(Image-caption web data)
• • • • • • •
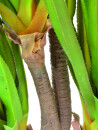 EUROPALMS Sabre-tooth century plant, artificial plant, 185cm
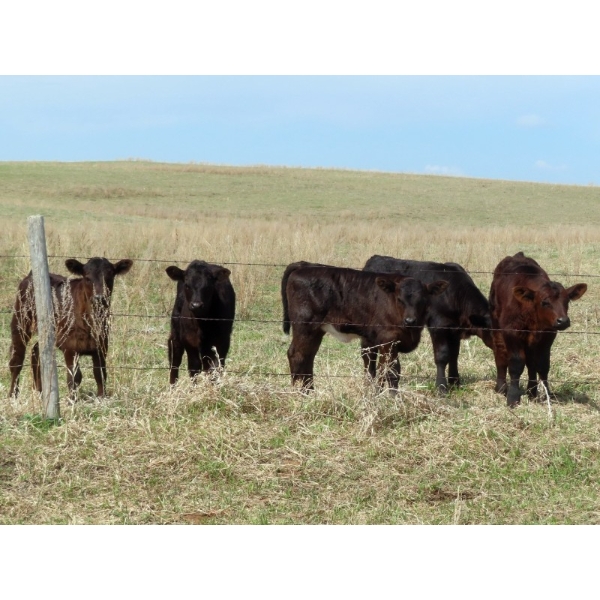 Lamb Cattle Company - 500# October Delivery Heifer Calves - 230 Head (Hanley, SK)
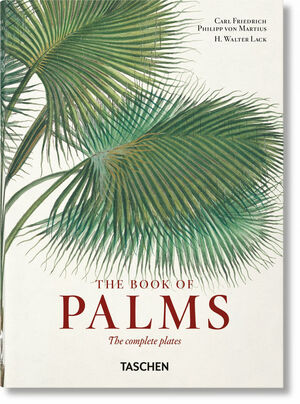 EL LIBRO DE LAS PALMERAS. 40TH ED.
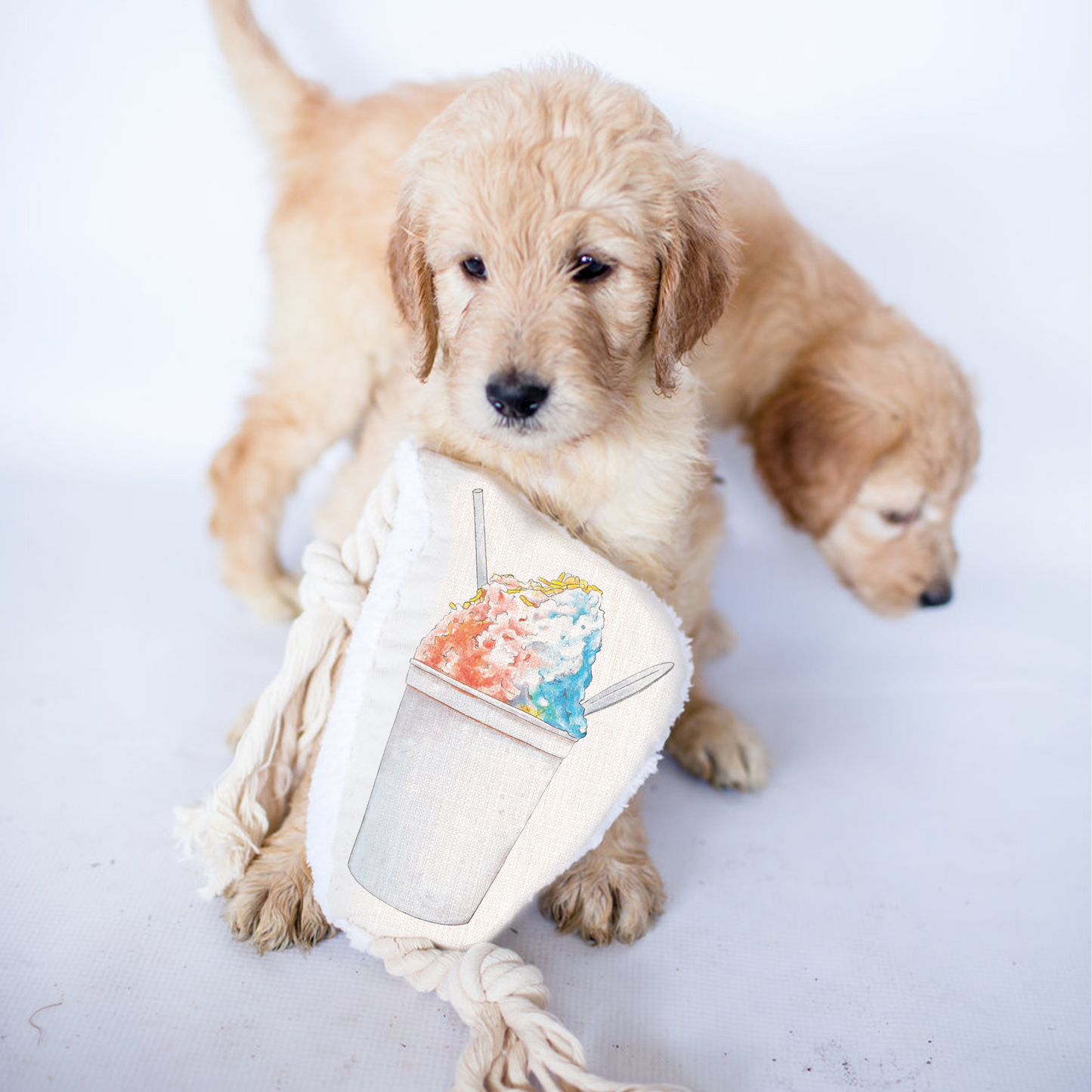 Snoball Dog Rope Toy-Rogue Magnolia Custom Designs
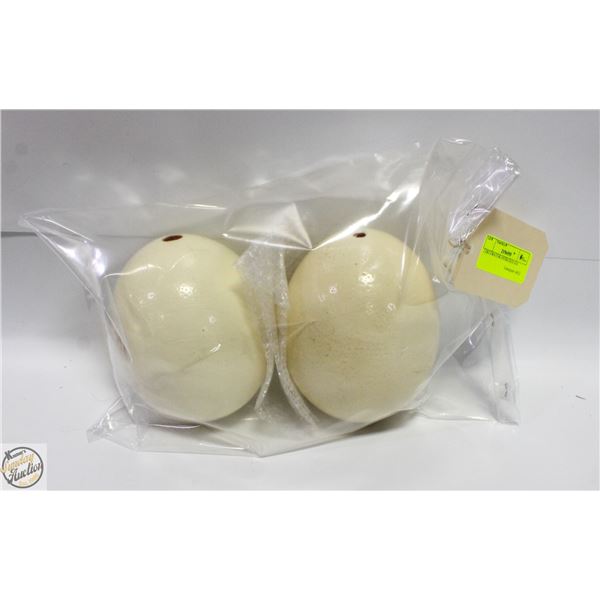 2 DECORATOR OSTRICH EGGS
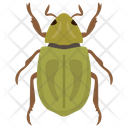 پیش‌نمایش فایل beetle-46 از پک حشرات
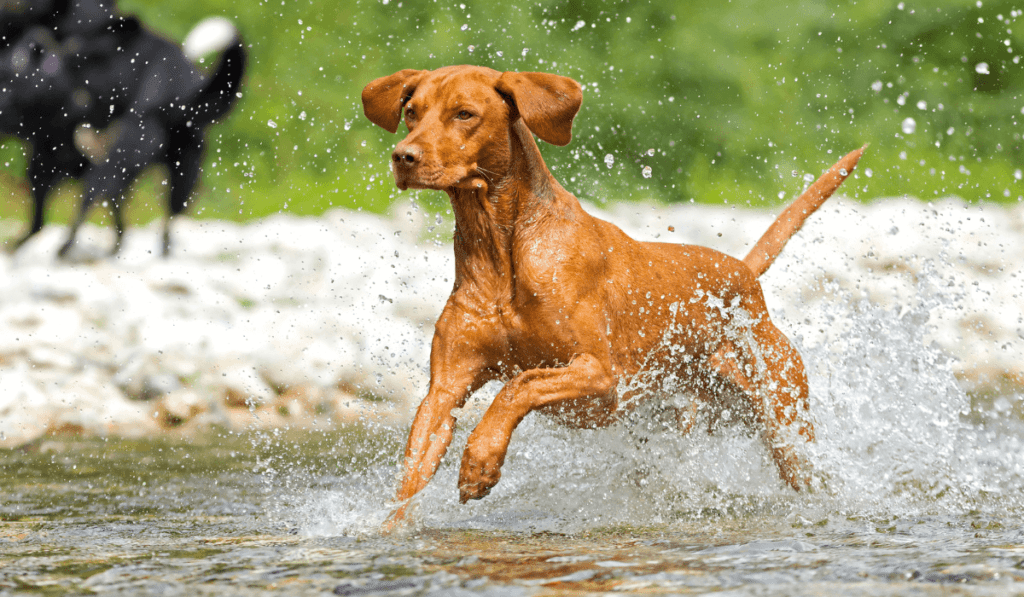 Vizsla Info - Temperament, Life Expectancy, Size, Puppies, Pictures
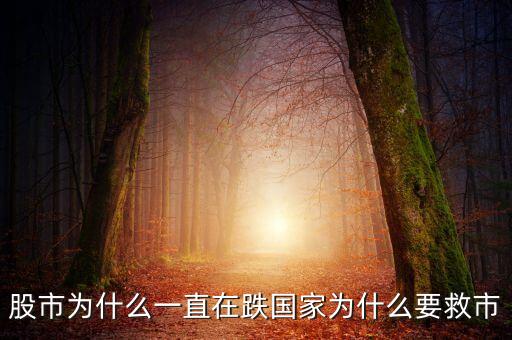中國為什么要救市，為什么又要救樓市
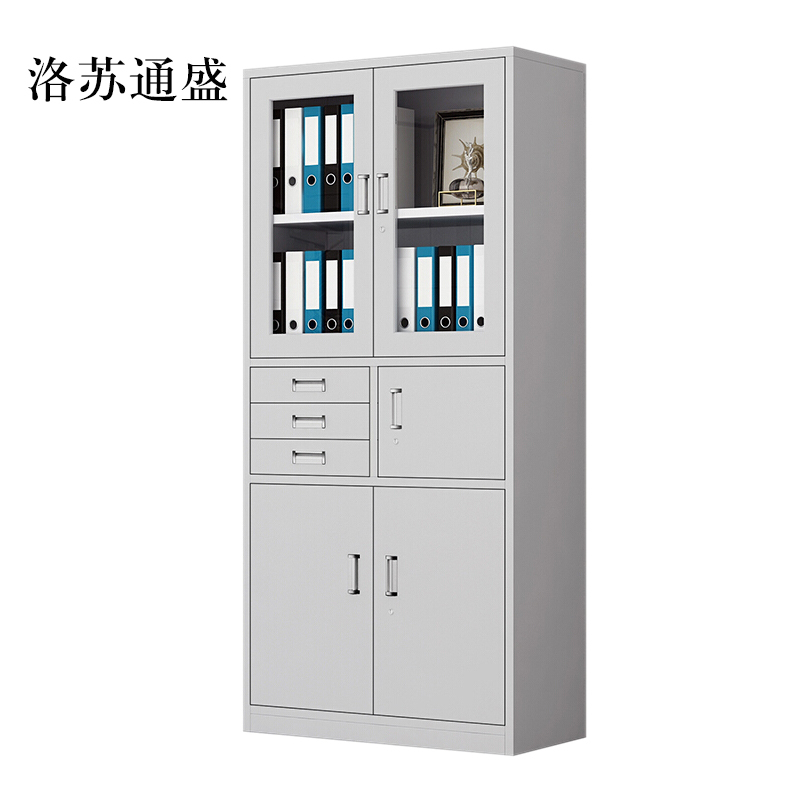 洛苏通盛钢制文件柜资料柜档案柜财务凭证柜带锁储物柜铁皮柜书柜偏三内保文件柜常规款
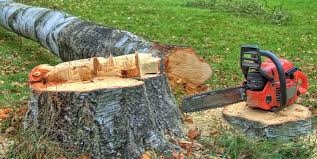 Best Emergency Tree Removal Services  in USA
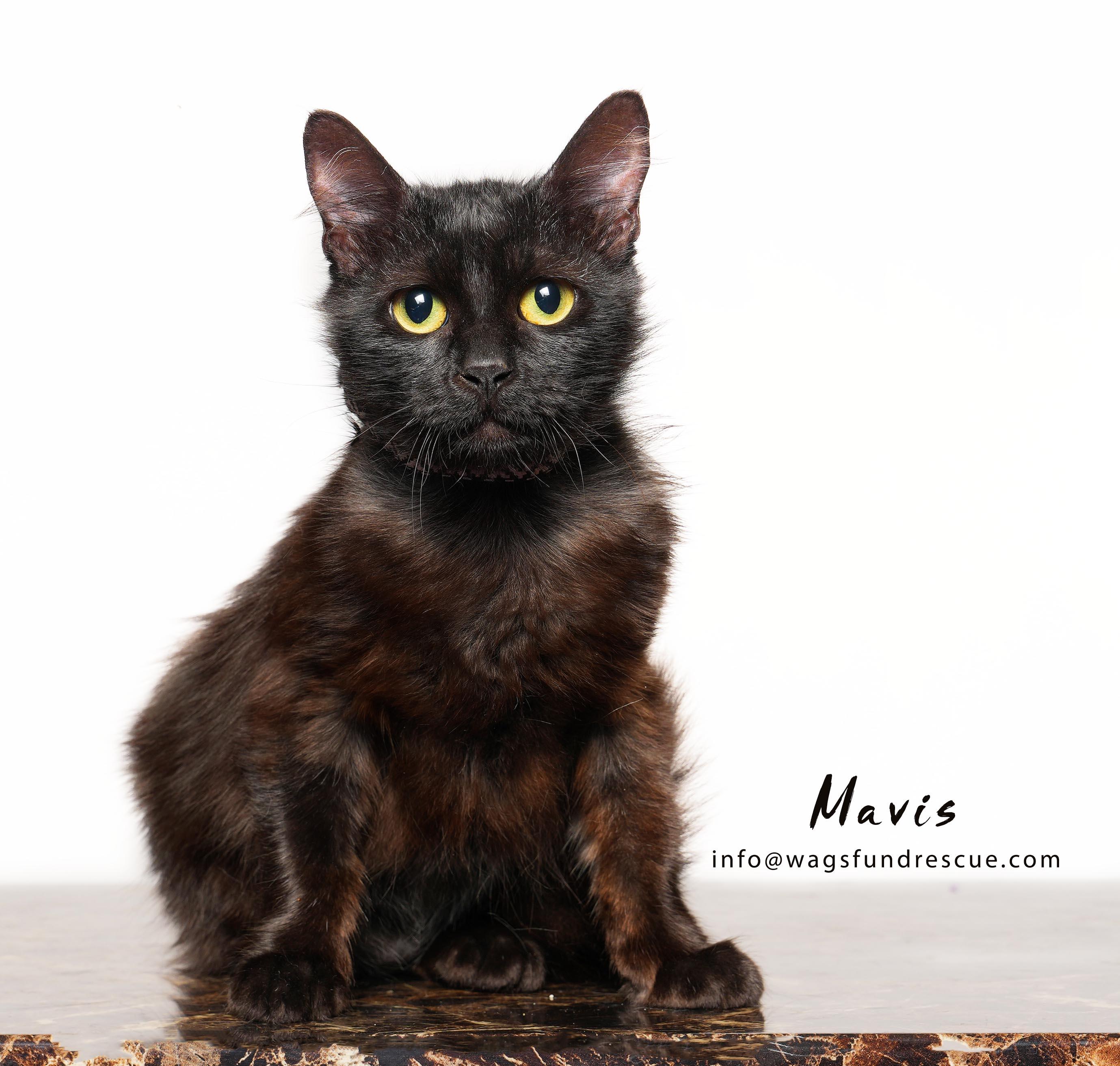 Enlarge Mavis, a Adoptable mixed breed in Houston, TX image 2/4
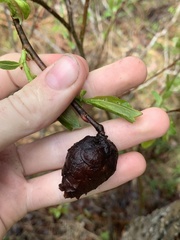 Rabdophaga salicisgnaphalioides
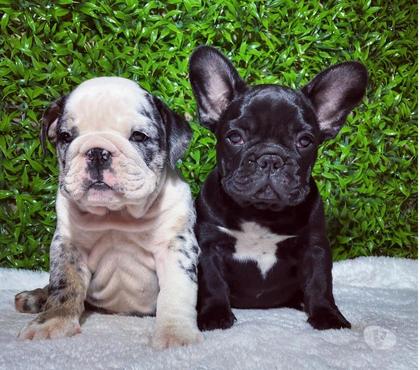 Mascotas en Venta Las Condes Santiago - Fotos de Cachorros bulldog francés e inglés (ENTREGA INMEDIATA💳)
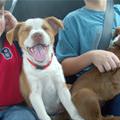 funny dog 4
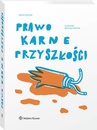 ebook Prawo karne przyszłości - Kamil Mamak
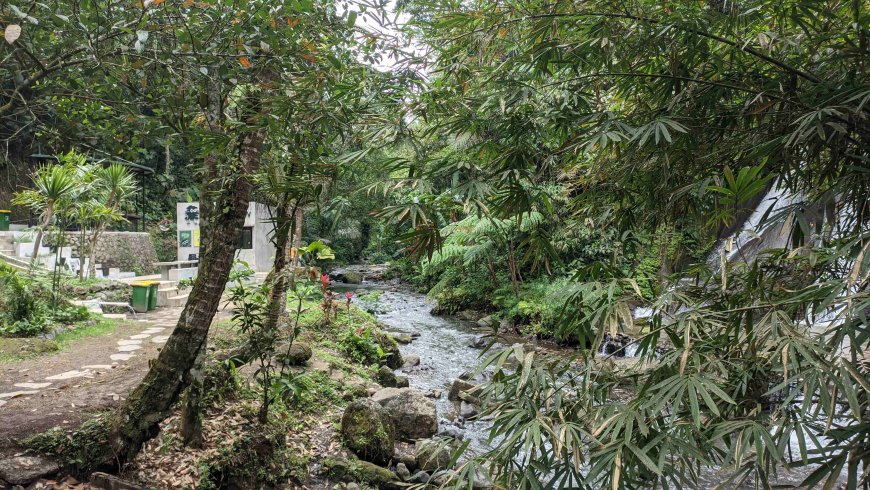 Campuhan Antapan Waterfall The Hidden Beauty of Baturiti That's Just a Short Stroll Away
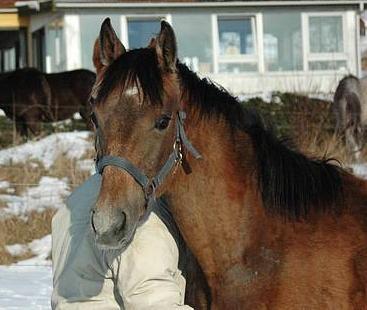 Shagya Araber (SH) Ho-Charmeur Bajar - februar 2006 billede 19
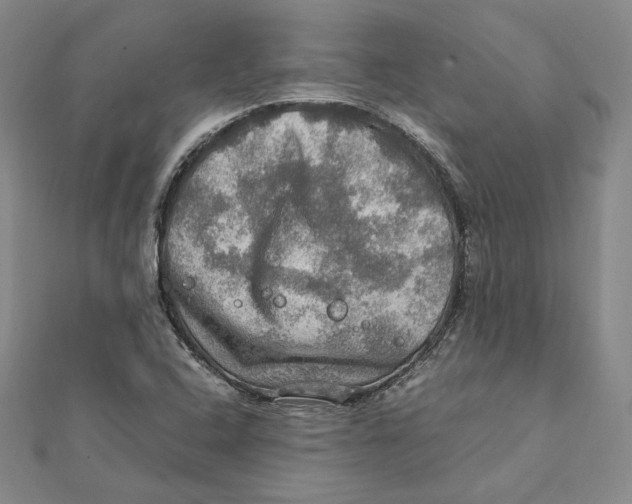 X0000112011408200908311125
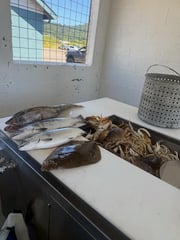 Fishing in Garibaldi, Oregon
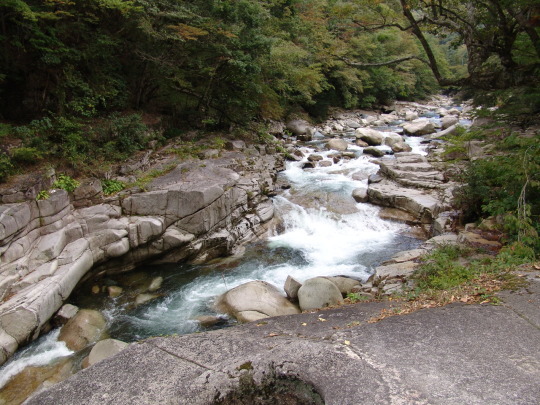 e0369096_22515012.jpg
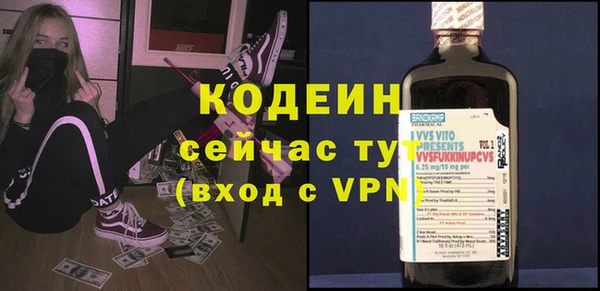 гашик Богданович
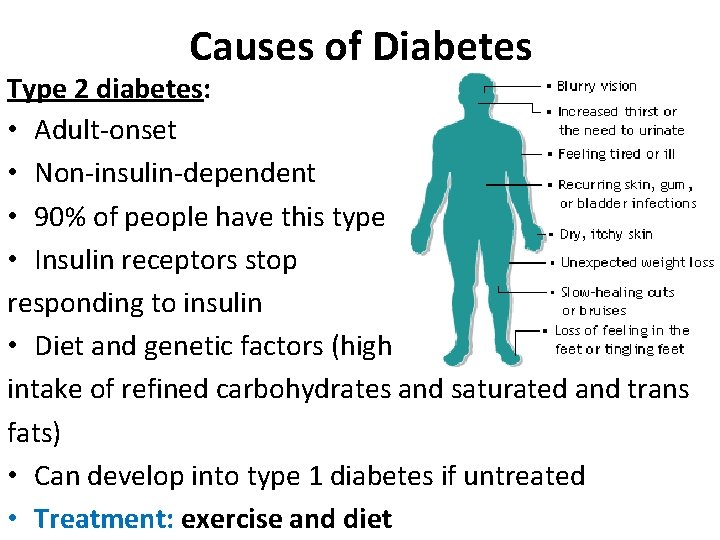 Causes of Diabetes Type 2 diabetes: • Adult-onset • Non-insulin-dependent • 90% of people Causes of Diabetes Type 2 diabetes: • Adult-onset • Non-insulin-dependent • 90% of people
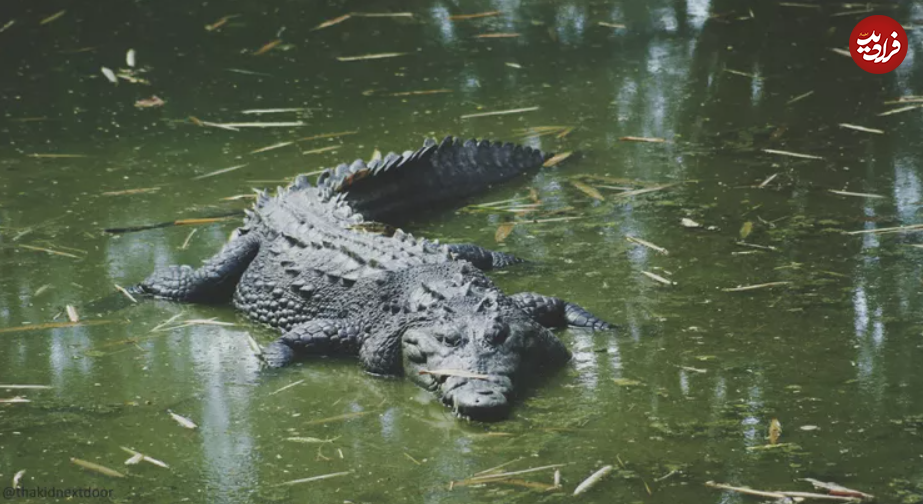۱۶ حیوان بازمانده از دوران باستان + تصاویر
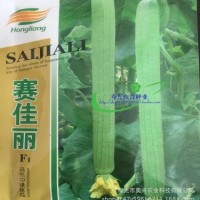 泰国 赛佳丽丝瓜种子 长肉丝瓜 早熟丰产 四季阳台蔬菜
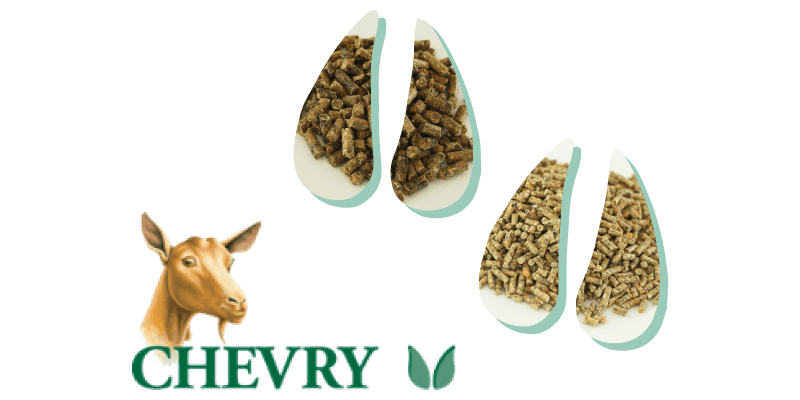 Programme caprins Chevry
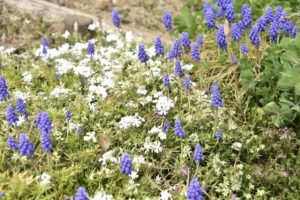 ［6］足元に広がる春の彩り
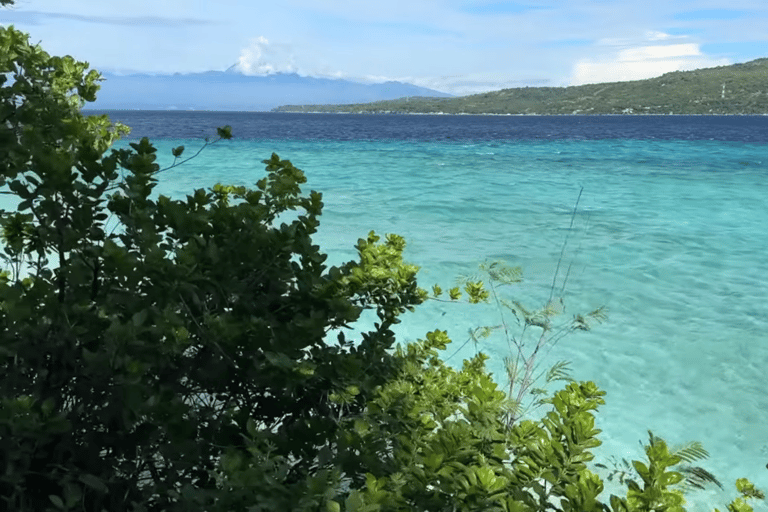 Oslob: Whale Sharks, Tumalog Falls & Sumilon Trio Adventure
• • • • • • •
Begin at the line containing "Programme caprins Chevry" and transcribe exactly every line through the end of the records, both ends included, leaving the pictures out.

▸ Task output
 Programme caprins Chevry
 ［6］足元に広がる春の彩り
 Oslob: Whale Sharks, Tumalog Falls & Sumilon Trio Adventure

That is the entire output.